Тревожный месяц вересень (Смирнов) - страница 24

А молодисть не вернется,
Не вернеться вона…

Гуляют наши глухарские бабоньки.

А кто-то из них, как не без оснований предполагает бывалый Попеленко, подкармливает и обстирывает бандюг, И для кого-то там, в лесу, скрывается не бандюга, а милый друг, Грицько там или Панас, который когда-то, до войны, щеголял в вышитой рубахе, лузгал на танцах семечки, танцевал гопака и пел под гармошку: «По дорози жук-жук, по дорози черный, подывыся, дивчинонька, який я моторный…»

Как же, моторный. Очень даже.

Нет, не случайно в то утро Штебленок направился в район. И не случайно его подстерегли в Шарой роще. Кто-то знал, что Штебленок пойдет этой дорогой. Но кто? Ведь даже своему приятелю Попеленко ничего не сказал Штебленок…

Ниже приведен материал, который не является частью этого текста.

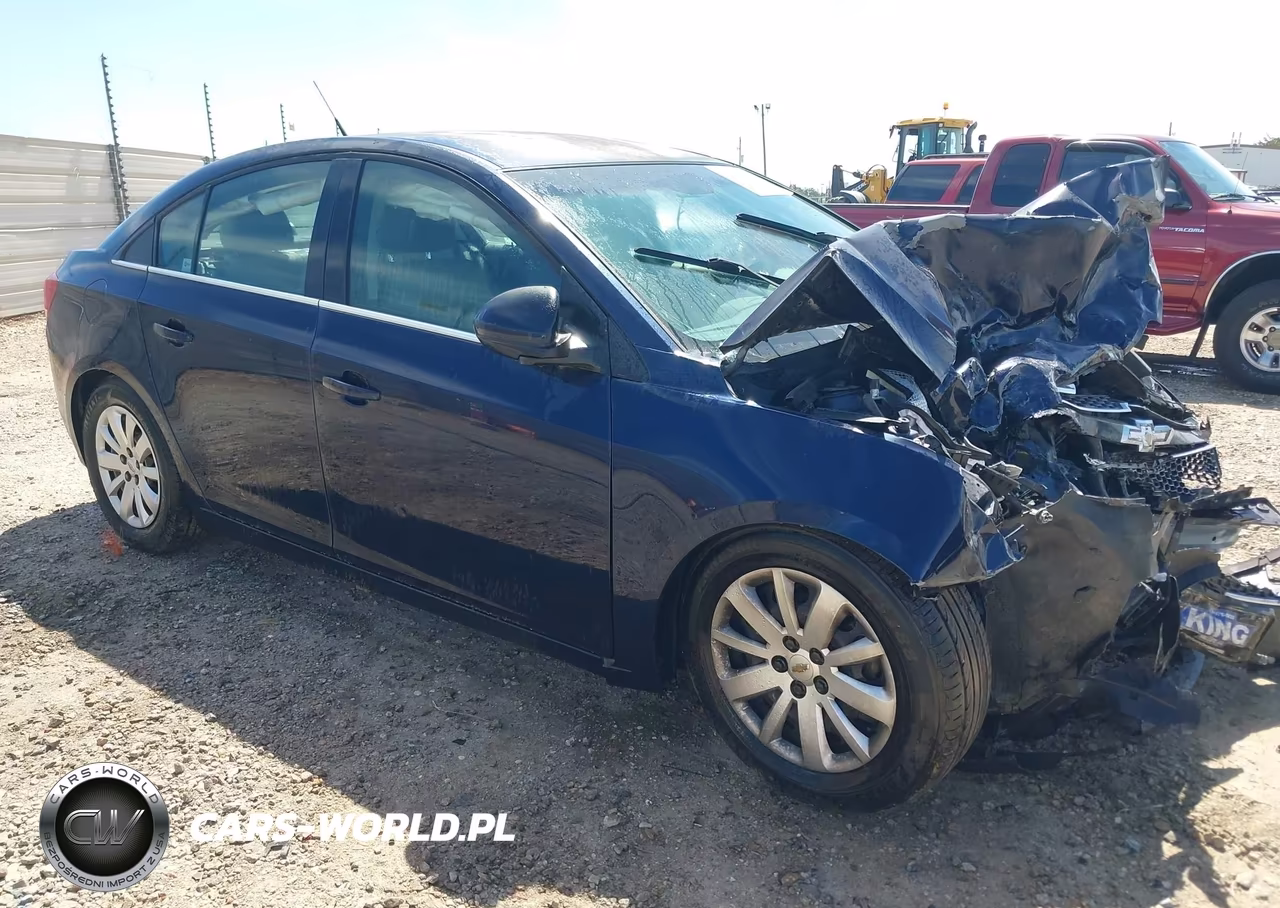 2011 Chevrolet Cruze 1Lt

Грустная песня про три вербы смолкла, и вот уже лихая «От Киева до Лубен» рванулась из Варвариных окон. В этом доме не могли долго скучать. Рядом со мной в темноте раздалось хехеканье: как будто кто-то галушкой поперхнулся. Я отпрянул вначале, а затем чиркнул спичкой. Был у меня заветный коробок, один из тех пяти, что я еще в госпитале выменял на немецкий перочинный нож с десятью приборами.

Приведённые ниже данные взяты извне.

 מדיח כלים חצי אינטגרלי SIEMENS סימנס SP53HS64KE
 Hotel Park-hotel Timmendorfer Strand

Слабый огонек высветил клубок пакли. Клубок этот был прикреплен к рваному ватнику, перепоясанному желтым трофейным проводом. На самой верхушке клубка каким-то чудом держалась серая солдатская шапчонка на рыбьем меху. Я держал спичку, пока она не обожгла пальцы, и заметил наконец под шапчонкой два темных, затерявшихся в пакле волос, хитро поблескивающих глаза, а чуть ниже алый влажный рот.

— Гнат! — сказал я. — Ты чего тут стоишь?

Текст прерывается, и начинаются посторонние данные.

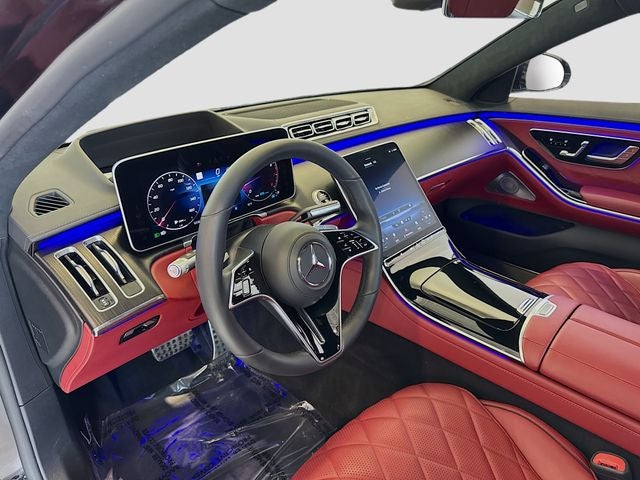 2022 Mercedes-Benz S-Class S 580 4MATIC®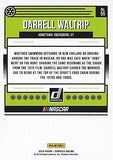 AUTOGRAPHED Darrell Waltrip 2019 Panini Donruss Racing JAWS (#11 Mountain Dew Team) Winston Cup Series Signed Collectible NASCAR Trading Card with COA
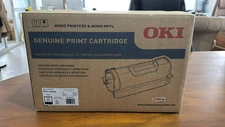 OKI B721 Black Toner Cartridge 45488801 (18000 Pages)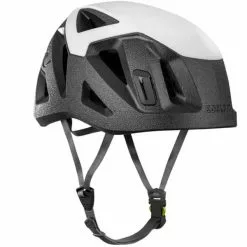 Casques Alpinisme Escalade EDELRID SALATHE SNOW 22 Noir / Blanc
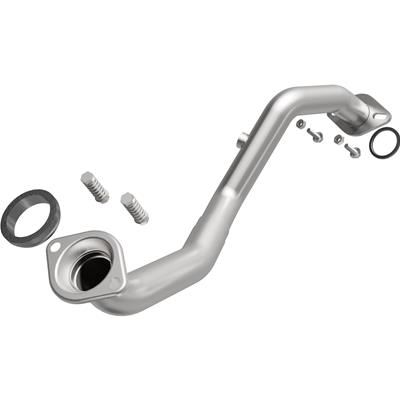 BRExhaust 107-0268 BRExhaust Direct-Fit Intermediate Pipes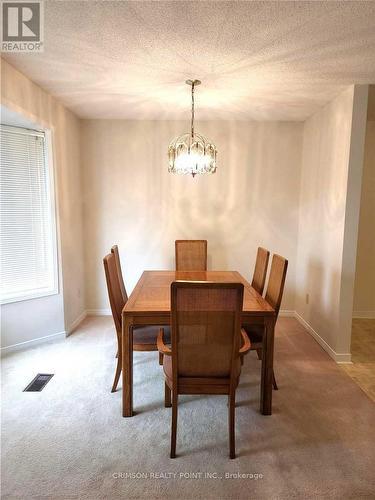 98 - 122 Bunting Road, St. Catharines, ON - Indoor Photo Showing Dining Room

— Хе-хе-хе! — рассмеялся Гнат.

С таким же успехом Гнат мог задать этот вопрос мне. Мы оба друг друга стоили — деревенский дурачок и я.

— Хе-хе-хе! — снова засмеялся Гнат. — Девки! Хе-хе-хе! Бабы! Гуляют! Ха-арошие ма-асковские девки! Ха-арошие ма-асковские бабы! Хе-хе-хе!

Надо сказать, эпитет «ма-асковский» был у Гната определением наивысших достоинств. Когда-то, до войны, родственники Гната упросили председателя отправить дурачка за колхозный счет в Москву полечиться. Трезвого рассудка Гнат из Москвы не привез, зато приобрел целый набор сложнейших впечатлений; так возникло хвалебное слово «ма-асковский», навеянное, главным образом, посещением метро.

«О-о! О-о!» — кричал, вернувшись, Гнат и, размахивая руками, старался показать, как под землей бегают поезда. Разумеется, его не понимали: попробуй объясни, что такое метро, людям, из которых большинство не то что подземных, но и обыкновенных поездов не видело. Маляс, бывалый человек, ездивший до Полтавы, допускал, помнится, возможность подземных сообщений, но в спорах, разгоравшихся после возвращения Гната, никак не мог найти ответа на вопрос: куда же от паровозов девается копоть и дым? — «Задохнутся все!» — кричал Маляс. — «Оо! — кричал: Гнат. — Ма-асковский».